Kathee Kiesselbach: Niles artist gives botanicals the right touch

Published 8:00 am Wednesday, January 9, 2013

Sandy Williams, who hales from a long line of gardeners, finds inspiration for her work from her own garden.

“I only drew horses in grade school, but was singled out as the best artist in the class,” she told me about her early artwork.

Williams, who moved to Southwestern Michigan as a toddler with her family has stayed in Niles, living on the old family homestead where her grandparents once lived on 15 acres. Her studio is in the house and it is there that she works. Her grandmother, Olive Williams, was well known as a local herb lady who gave talks at Fernwood Botanical Garden and Nature Preserve.

Williams attended Western Michigan University and studied art history, later taking art classes at Southwestern Michigan College. She attended Indiana University South Bend thinking she wanted to teach art but decided to study fine art under painter and local legend Harold Zisla, who introduced her to opaque watercolor paint, called gouache. Because it was not possible to master gouache in one class, she mastered that skill on her own. She joined the Guild of Natural Science Illustrators to learn how to enter shows and competitions and read their newsletters and other publications.

Williams worked part time through her 20s while she worked on her art. Asked if it was tough to stick with it without feeling isolated, she told me, “I had my mother and grandmother for inspiration.”

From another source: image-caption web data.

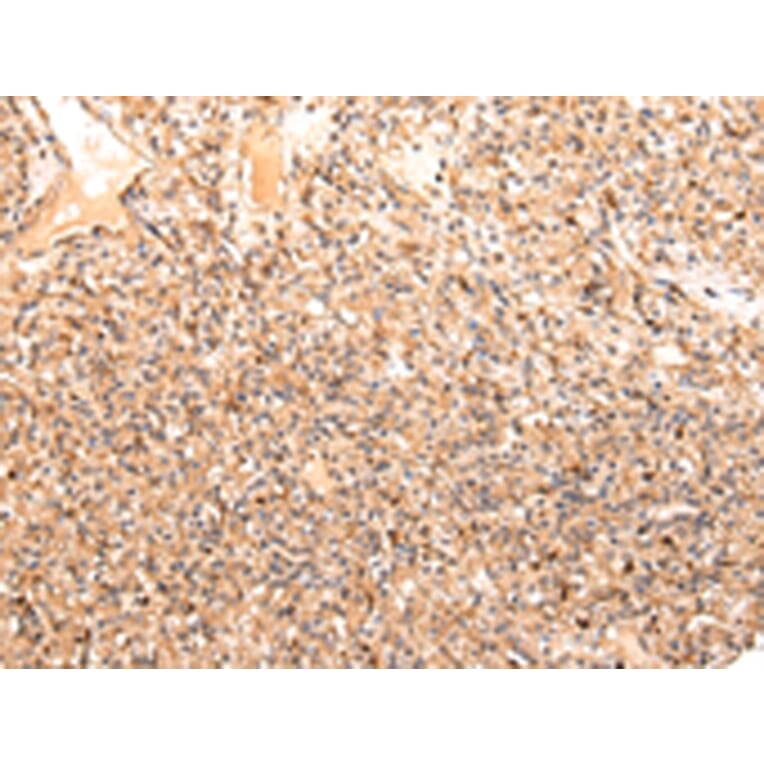 Immunohistochemistry - ZPR1 Antibody from Signalway Antibody (43210) - Antibodies.com
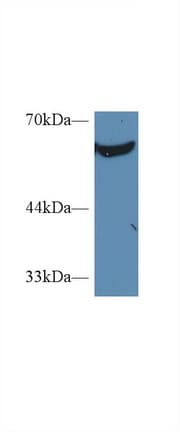 PKM / Pyruvate Kinase, Muscle Antibody (aa141-248)
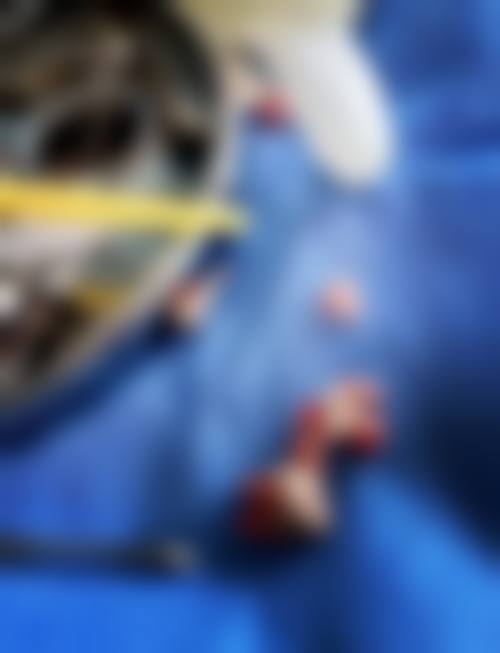 西咸院区武珊医生技术特色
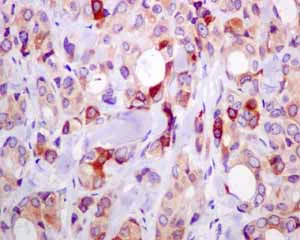 Immunohistochemistry (Formalin/PFA-fixed paraffin-embedded sections) - Recombinant Mouse Galectin 3 protein (AB137144)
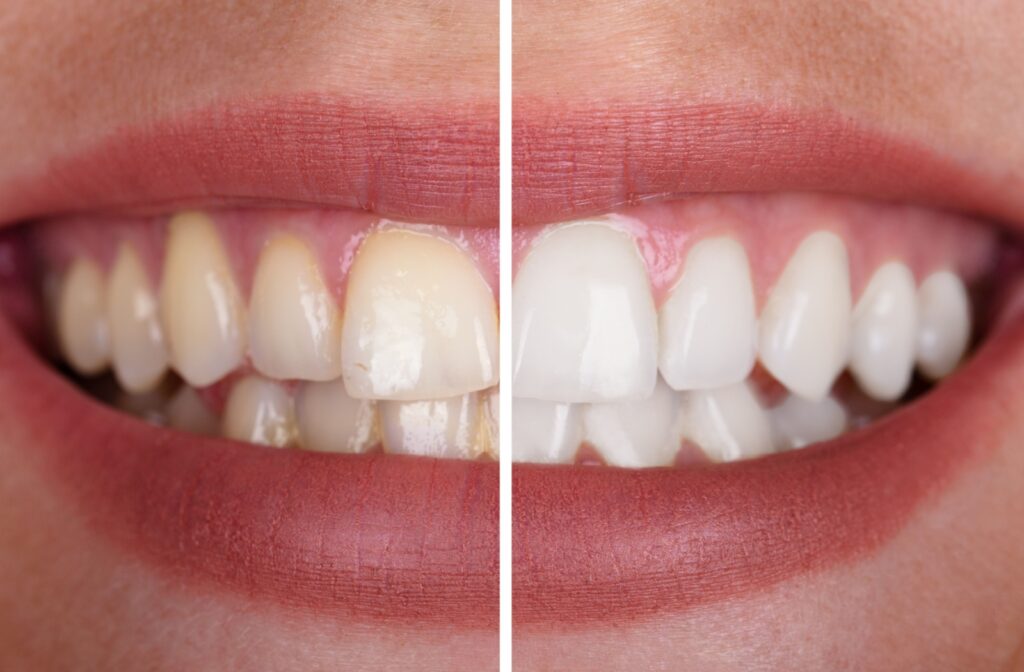 Close-up of a woman’s smile showing before and after results of professional teeth whitening.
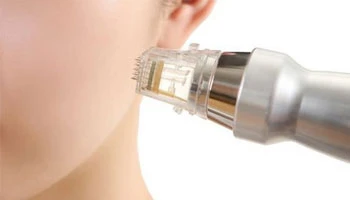 What Is Fractional RF Microneedling?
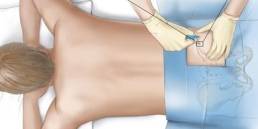 Stem Cell Injections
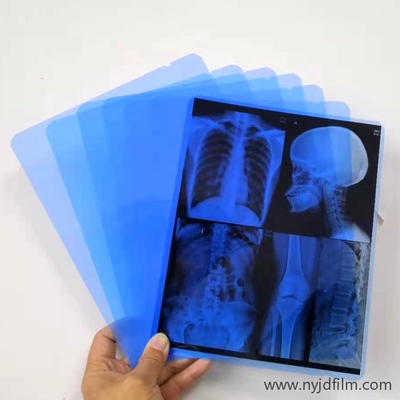 departamento azul del laser X Ray Film For Hospital Radiology de la prenda impermeable de la pulgada 13x17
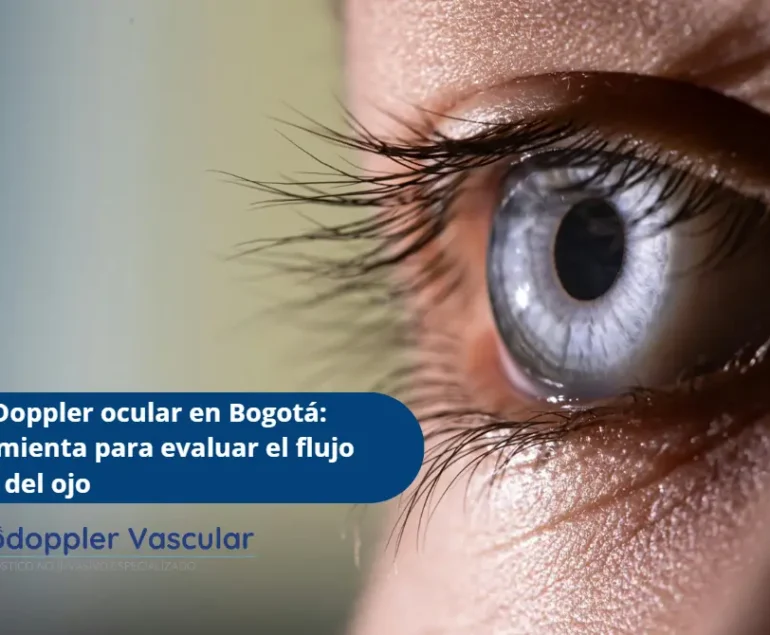 Doppler vasos oculares-Ecodoppler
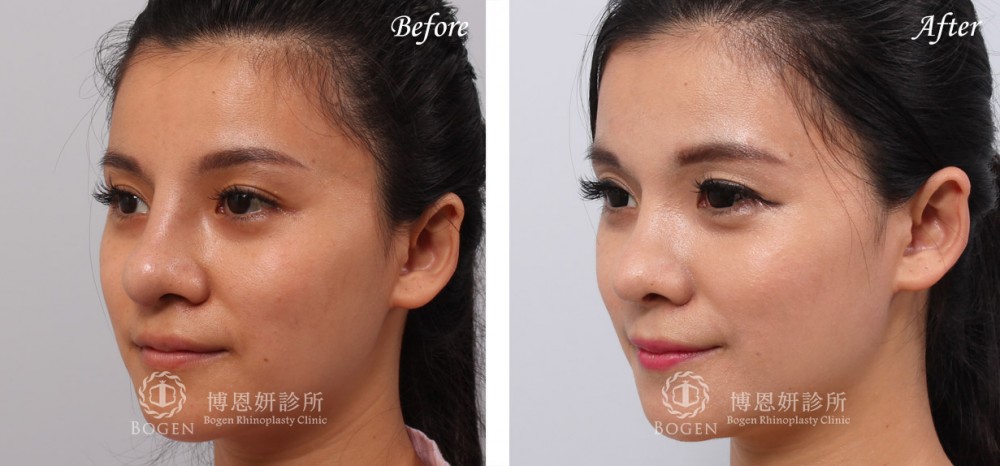 博恩妍診所鼻重修鼻整形案例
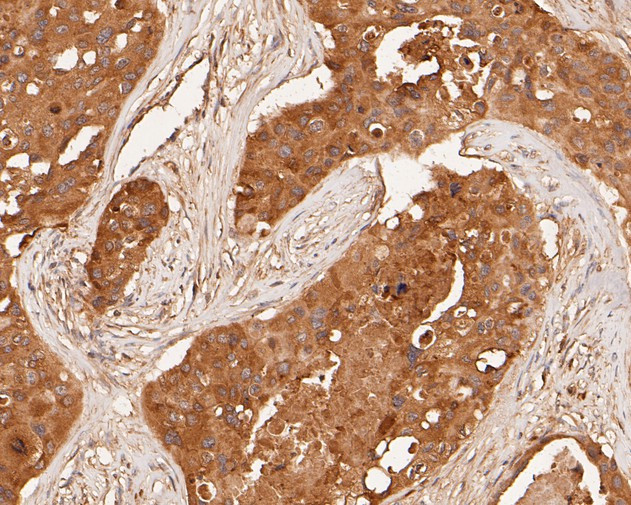 MDM2 Antibody in Immunohistochemistry (Paraffin) (IHC (P))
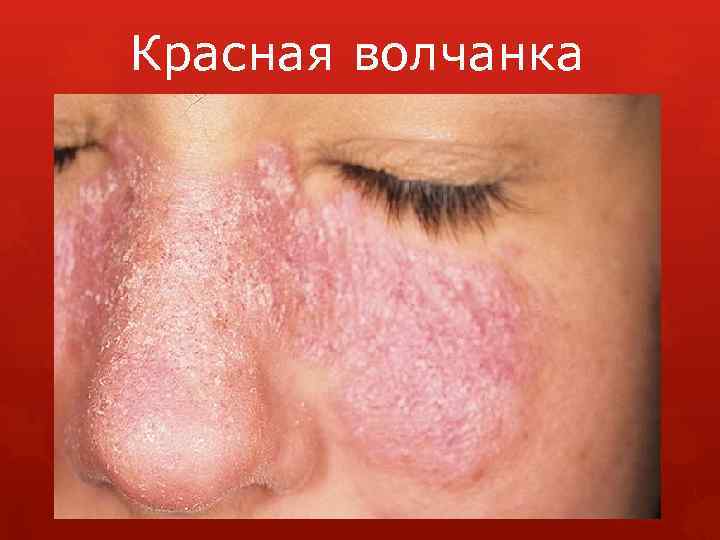 Красная волчанка 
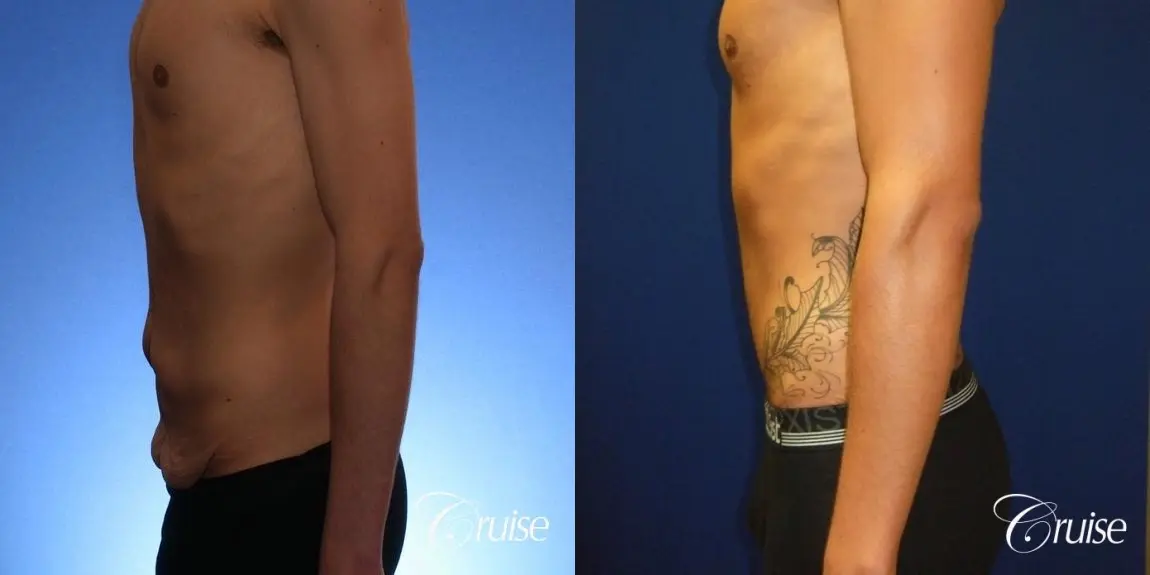 Weight Loss Tummy Tuck: 22 Yr Old Male - Before and After 2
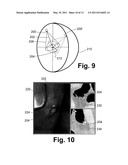 VIRTUAL ENDOSCOPY diagram and image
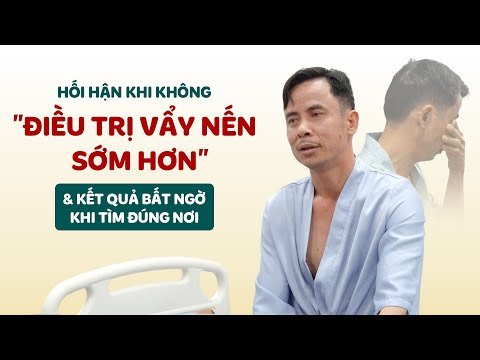 Từng xem nhẹ Vẩy Nến để rồi phải thốt lên "GIÁ NHƯ ĐIỀU TRỊ SỚM HƠN" & Bước ngoặt sau điều trị
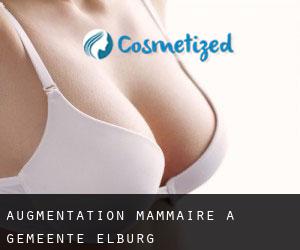 Augmentation mammaire à Gemeente Elburg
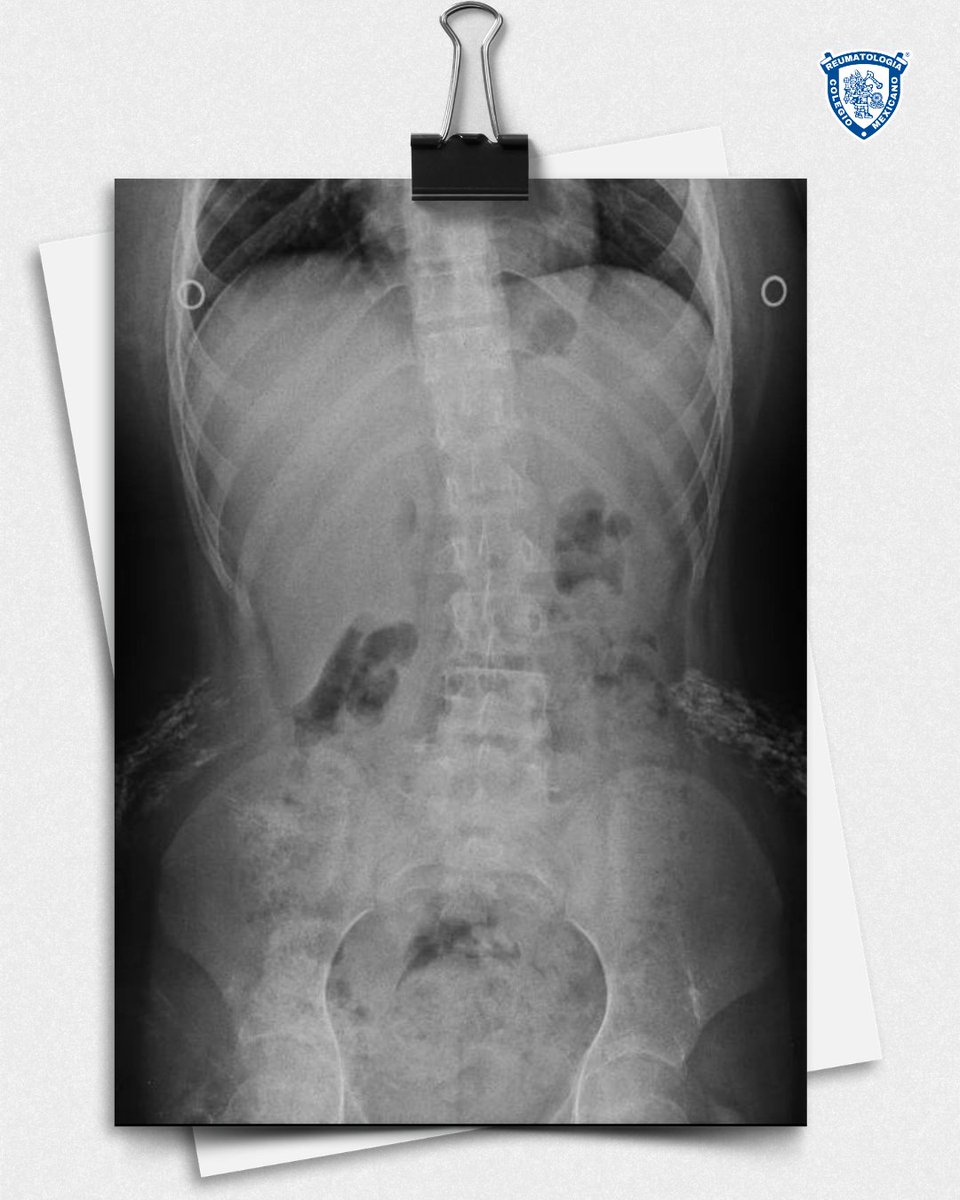 ColMexReuma tweet media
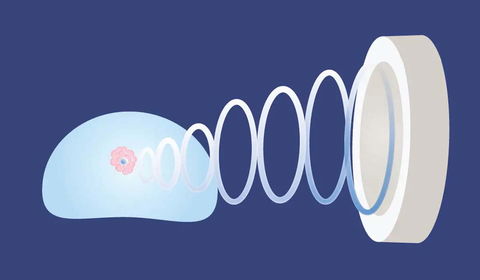 Prostat Büyümesi (HoLEP)
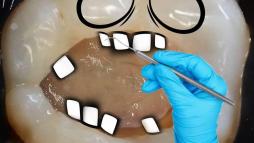 Зуб на приеме у стоматолога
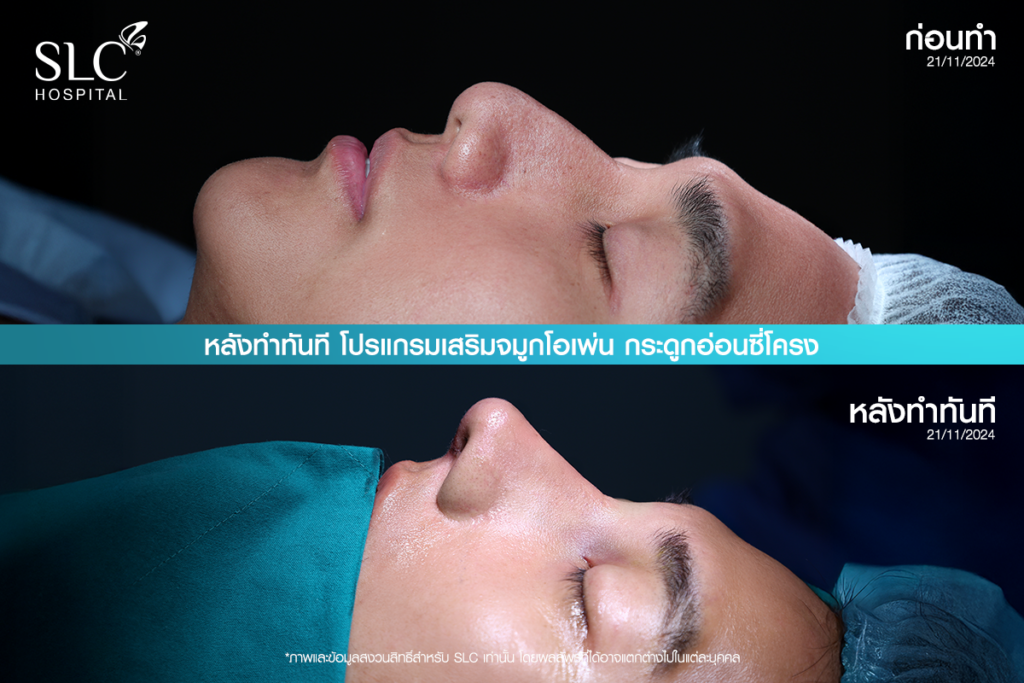 เสริมจมูก Open, SLC Hospital, เป๊กจั๊กกะจี้, เสริมจมูก Open ที่ไหนดี
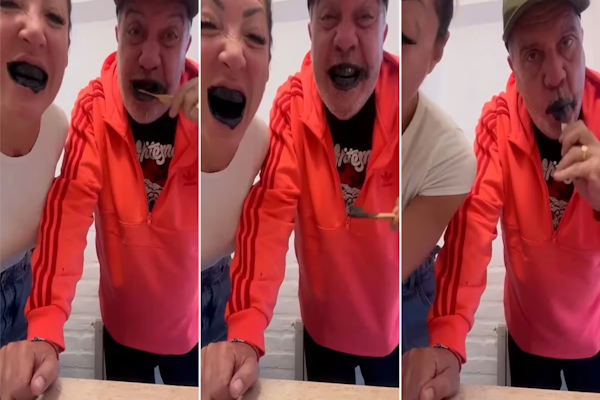 Divertidos: Coco Sily y su novia blanqueándose los dientes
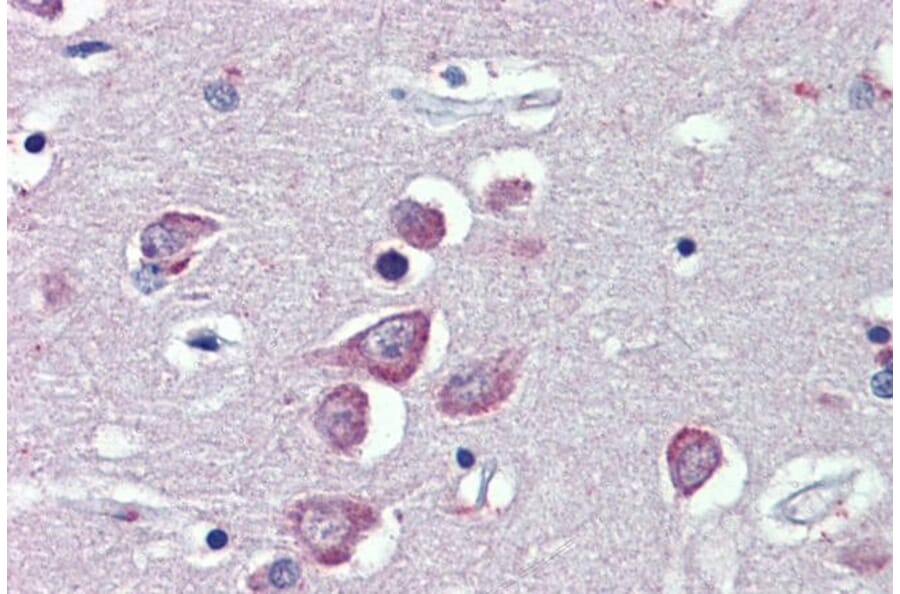 Immunohistochemistry - Anti-TRPM2 Antibody (A285994) - Antibodies.com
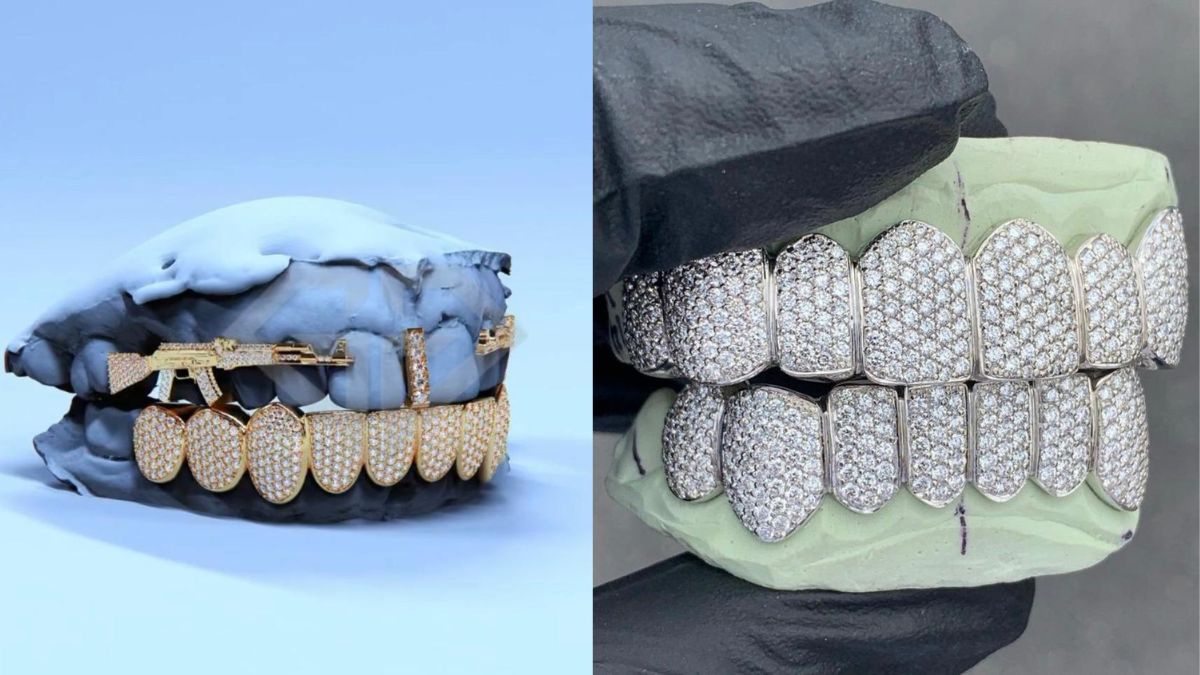 Feast with ‘Diamond Teeth’ in Surat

Williams’ favorite things to paint are birds, always drawn from photographs. She also does botanicals, and total ecosystem scenes, like everything you would see in June or October or a slice of one spring day condensed into a very small area, or particular locations such as wetlands or mountains. She came up with the idea to do ecosystem scenes in 2000 when she was trying to think of something special for the millennium.

She came up with spring, summer, fall and winter. Painted on a 22-by-29-inch full sheet of Arches watercolor paper, “Spring Woodland, “complete with ferns, is one of the pieces in a coming exhibit at Fernwood. Williams has done a wildflower series, showing thistle, blood root, May apple, golden rod and Queen Ann’s lace,  all common in the Michiana area.

With a portfolio of hundreds of greeting cards, Williams has signed with Looking Good Licensing in Vermont, which handles marketing of cards, puzzles, printed tins and other products on which her artwork will appear. She has sold designs to companies such as Yankee Candle.

“I advise students I teach,” Williams told me, “to think thousands of years into the future when many plants we see every day are extinct. These illustrations may be the only visual images left. So students should illustrate the plant at different angles, and at different times of the year.”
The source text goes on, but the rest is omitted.